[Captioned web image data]
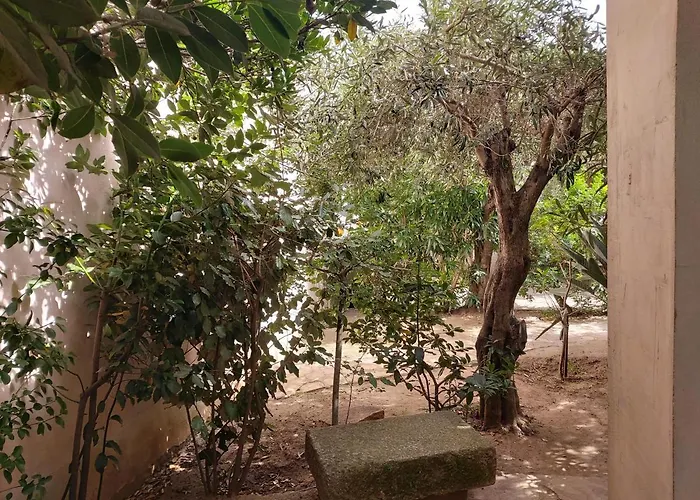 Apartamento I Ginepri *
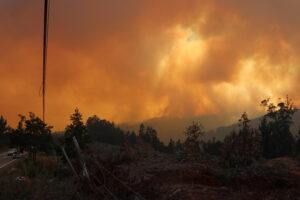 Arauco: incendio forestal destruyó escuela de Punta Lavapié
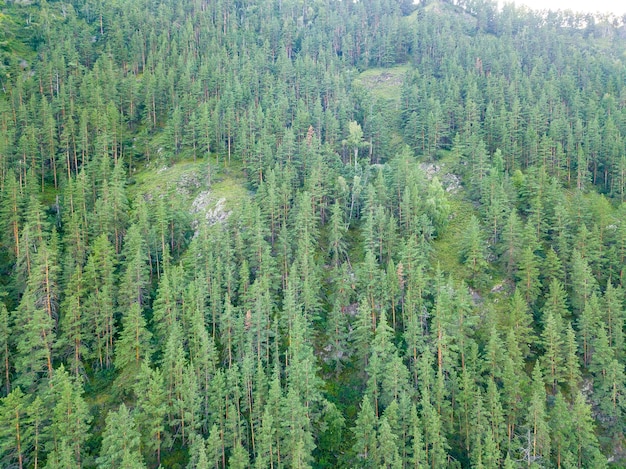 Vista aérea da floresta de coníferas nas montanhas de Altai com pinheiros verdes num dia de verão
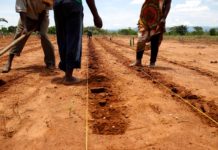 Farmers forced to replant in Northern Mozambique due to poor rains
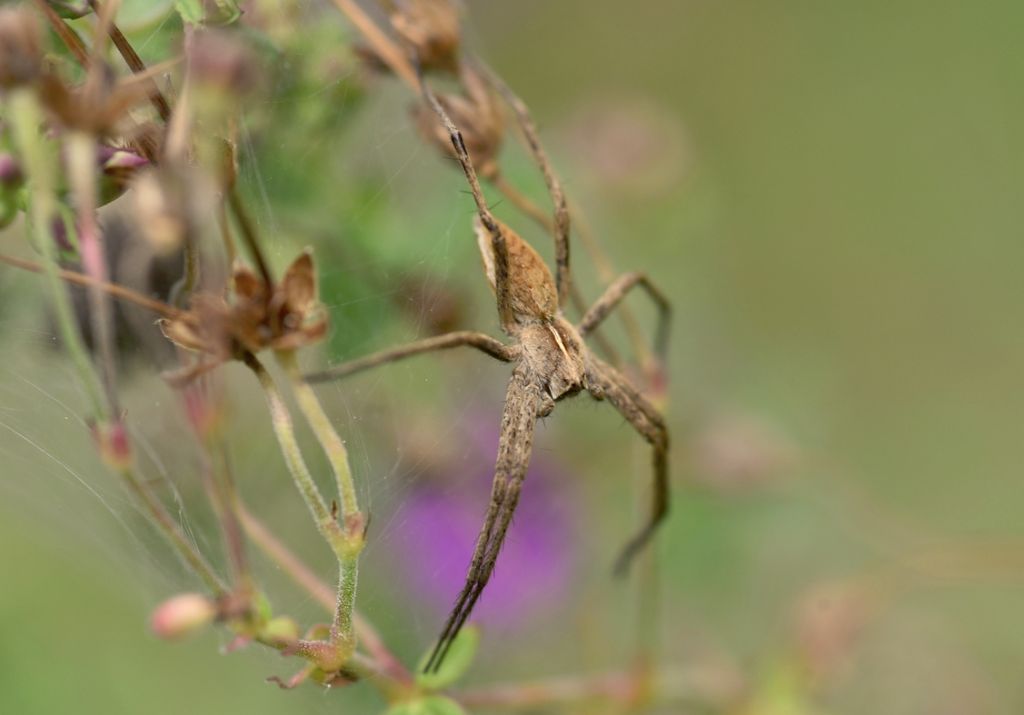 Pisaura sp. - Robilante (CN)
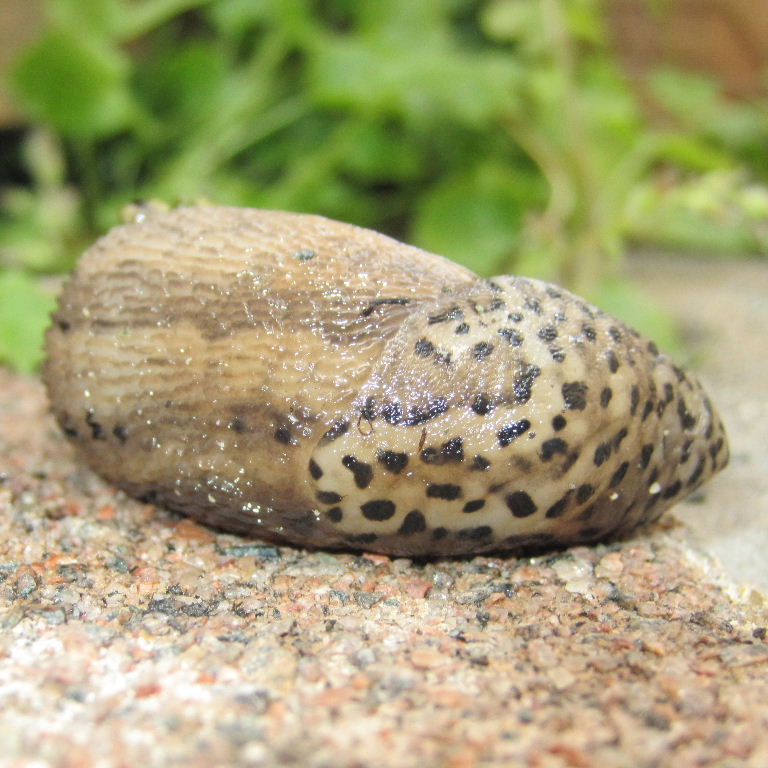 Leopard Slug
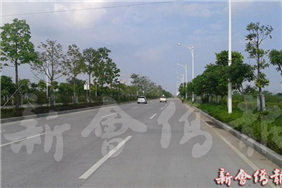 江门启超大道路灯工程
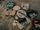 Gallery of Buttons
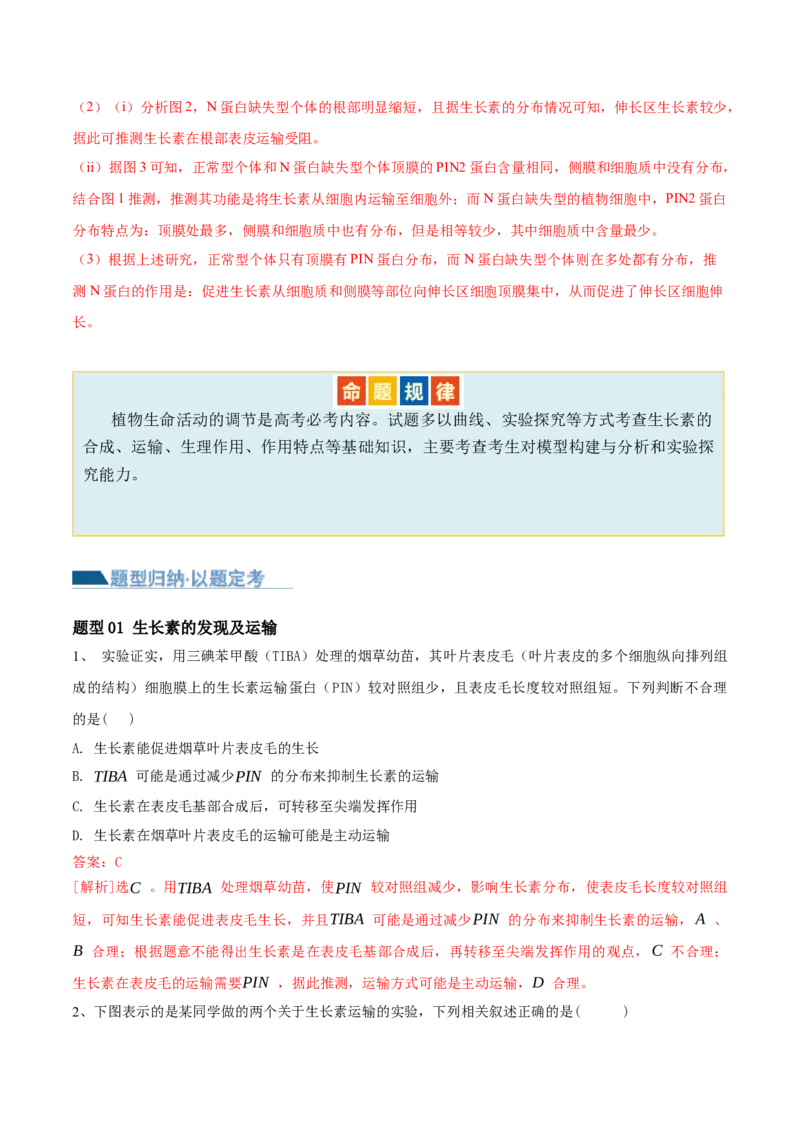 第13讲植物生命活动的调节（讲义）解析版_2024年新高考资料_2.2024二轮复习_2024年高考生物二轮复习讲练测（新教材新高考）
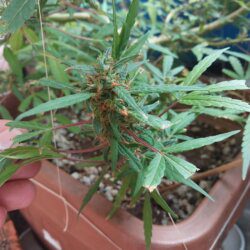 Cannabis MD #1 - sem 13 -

[The problem]
Without the images, print all of the lines above exactly.

[Result for this exercise]
 Apartamento I Ginepri *
 Arauco: incendio forestal destruyó escuela de Punta Lavapié
 Vista aérea da floresta de coníferas nas montanhas de Altai com pinheiros verdes num dia de verão
 Farmers forced to replant in Northern Mozambique due to poor rains
 Pisaura sp. - Robilante (CN)
 Leopard Slug
 江门启超大道路灯工程
 Gallery of Buttons
 第13讲植物生命活动的调节（讲义）解析版_2024年新高考资料_2.2024二轮复习_2024年高考生物二轮复习讲练测（新教材新高考）
 Cannabis MD #1 - sem 13 -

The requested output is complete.